In this example, an obvious label assures consumers that you’ll find nothing to hide and that everything you see is everything you get. Today, consumers desire to see what they’re purchasing, and innovative packaging and label combinations can achieve this. The choice of graphics is equally important. Less glossy packaging and softer ink tones are being used to attain the “natural” message and give a unique shelf appeal.
It is well documented that a lot of markets have an aging population, so it is crucial to design packaging that’s age-neutral. Creators of packaging concepts need to align components of their designs with the demands of this market segment. Graphics should be legible (this could mean using larger fonts); the packaging shape has to be ergonomic; and functional aspects, such as for example easy-open and re-closure features, need to be suitable for older people to utilize without difficulty.

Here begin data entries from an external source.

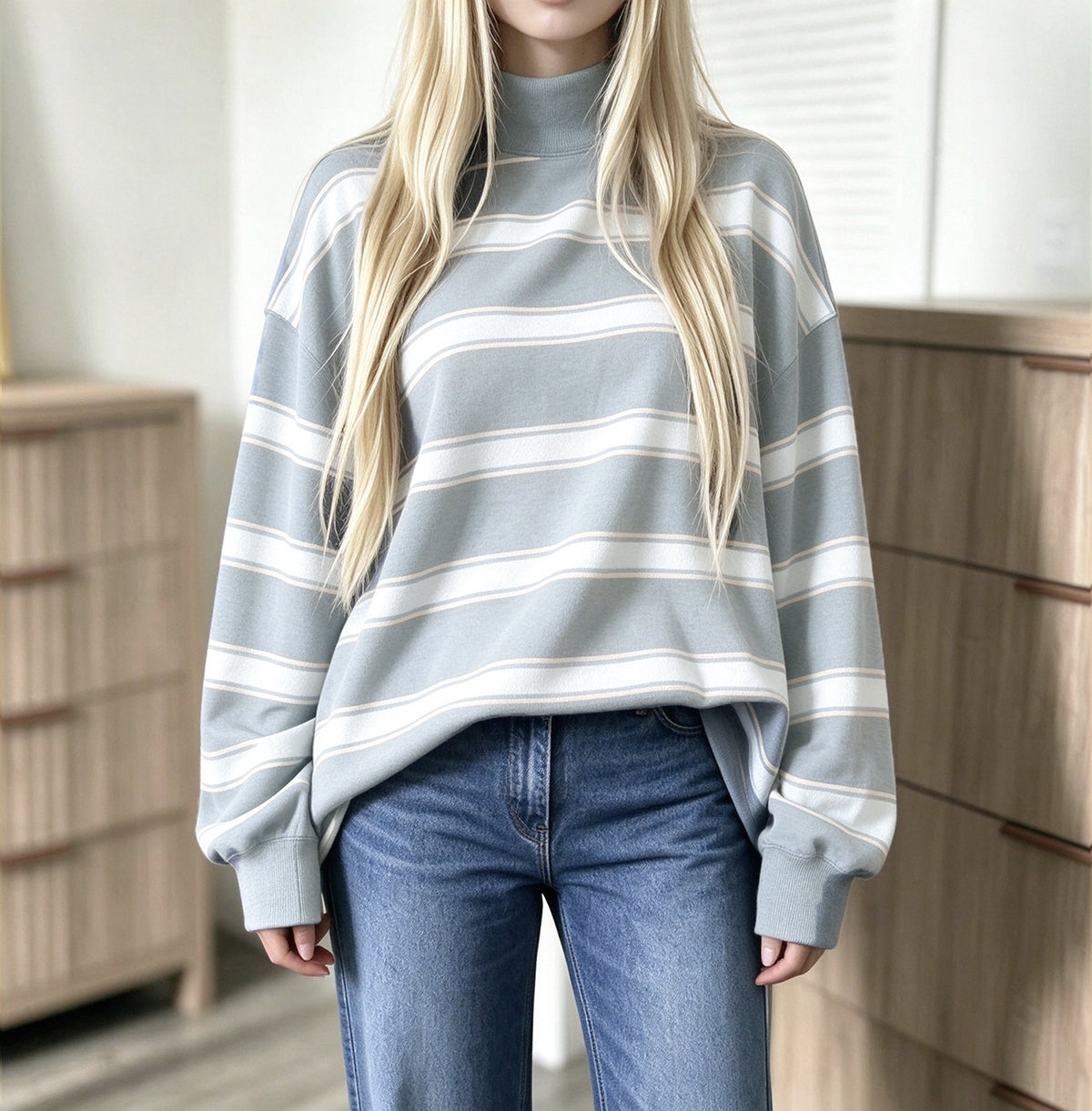 Sweatshirt femme imprimé à rayures – Décontracté et tendance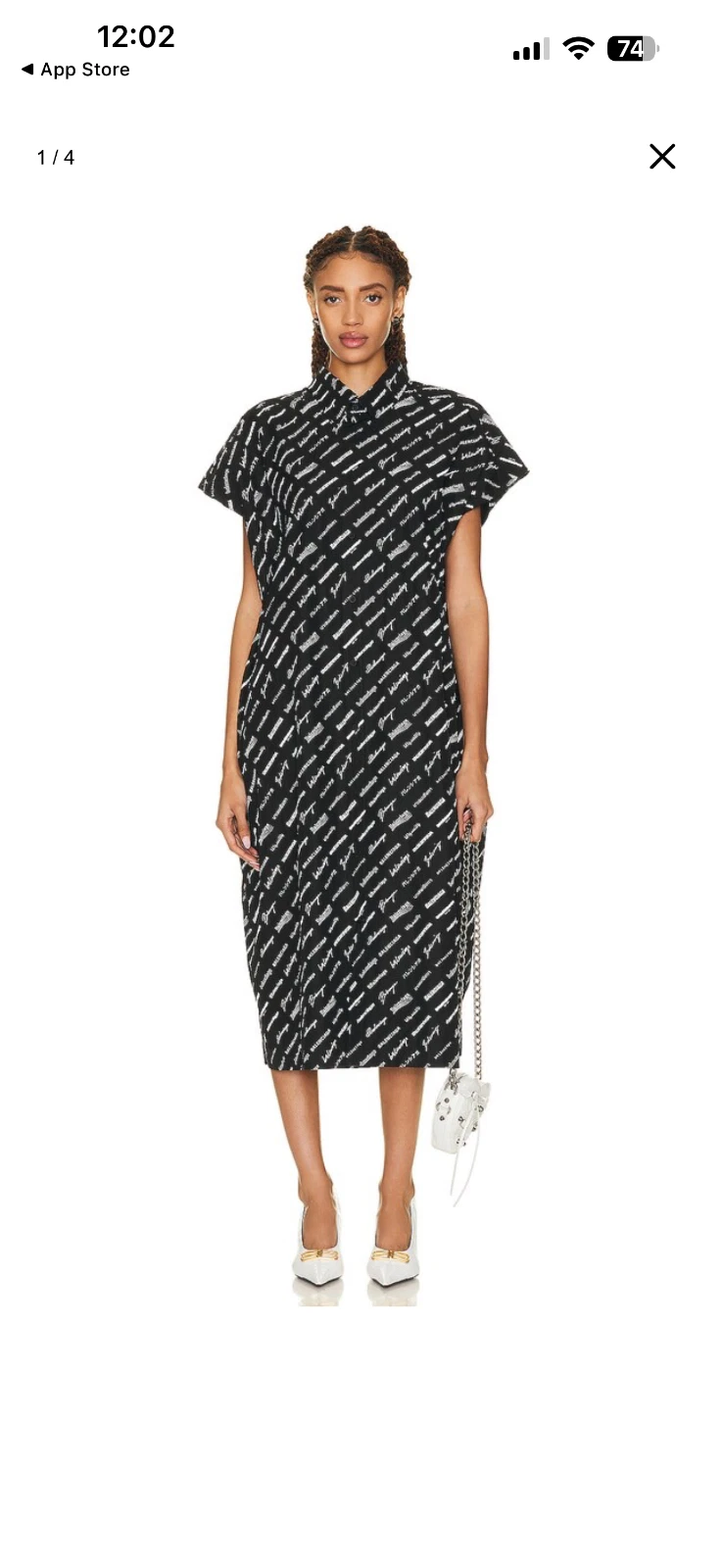 Balenciaga — Balenciaga black logo poplin dress fits oversized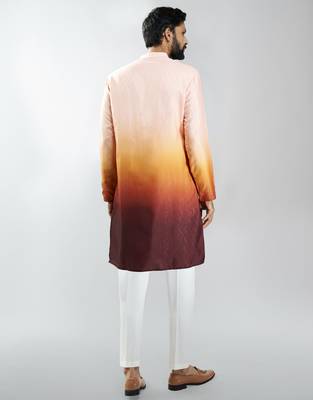 men brown silk blend ombre kurta set with cream pant  wedding & festive wear 5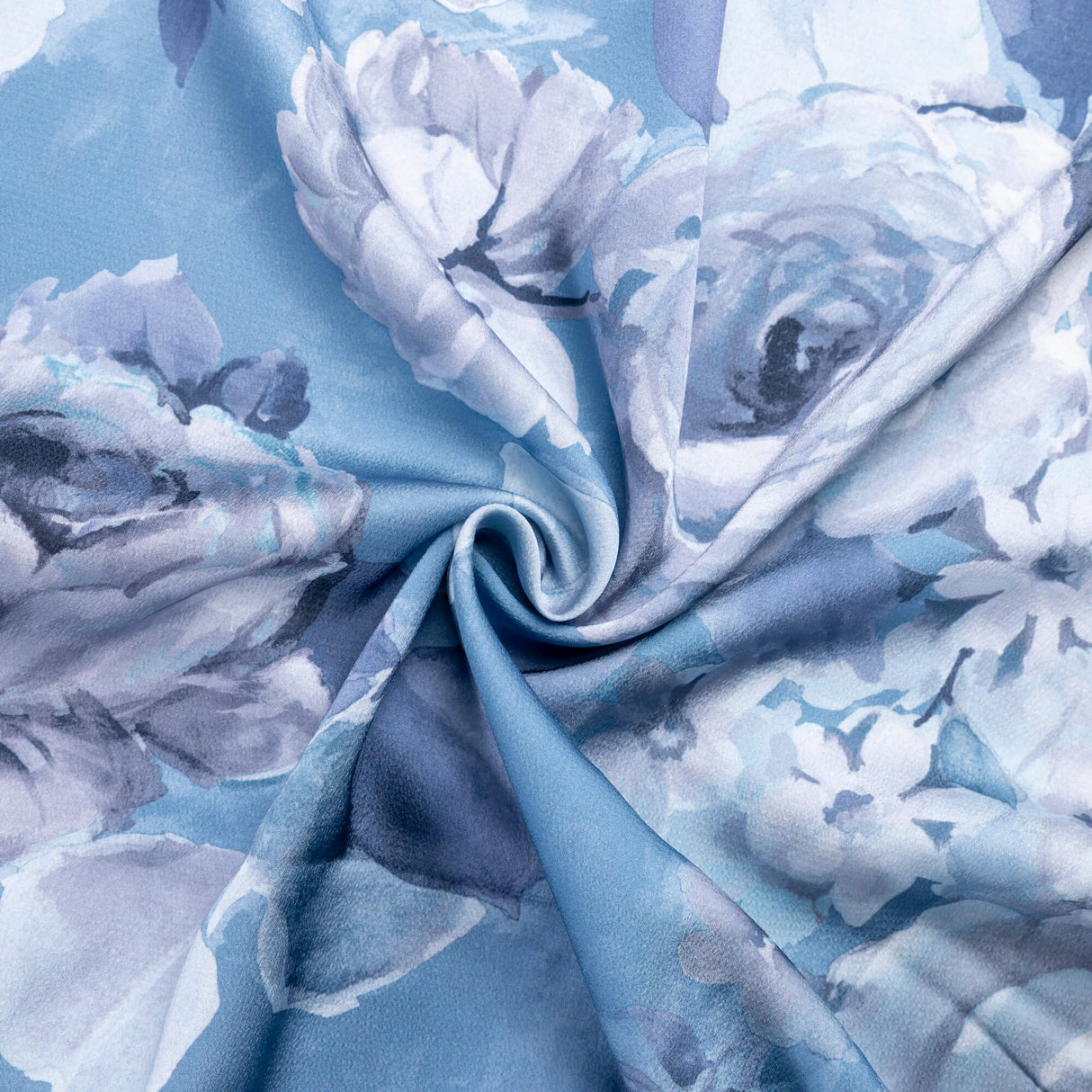 Crêpe satin - Fleurs bleu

Consumers today are well educated about “green” foods and are very aware of the impact of packaging on the surroundings. The momentum behind the “green” movement is building quickly and, being well alert to this, many food companies already are responding. Obviously, choosing “green” packaging means using recyclable or biodegradable packaging, and even reducing packaging, but it also requires a review of the whole value chain and linking in using what consumers are asking for.
While the majority will concentrate on packaging alone to deliver sustainability, it is also important to consider how exactly to deliver food and minimize its wastage, as the percentage of food waste in our dumps far exceeds that of packaging. Rather than being based only on environmental impact, packaging choice has to be seen as a method of meeting consumer demand to reduce food wastage. In fact, it can play an essential role, as innovative packaging technologists develop sustainable packaging solutions. Hence thinner films, lighter packaging containers, recyclable plastic and, recently, biodegradable packaging, are being deployed to ensure “green” is section of the overall product packaging story.
All of these elements, and the amount to which a brandname meets the requirements of these consumers, will determine the success or failure of a product. While the graphics and form of packaging play an important role in capturing the eye of consumers during the “moment of truth” at the supermarket shelf, the functional aspects of the package are necessary to giving the consumer a confident post-purchase experience. However, simply adding functionality isn’t enough. The packaging design must incorporate two key aspects: relevance to the product and delivery of consistent performance. For example, in case a package is promoted as re-closable, it must re-close easily and effectively, and its performance should exceed the expectations of consumers.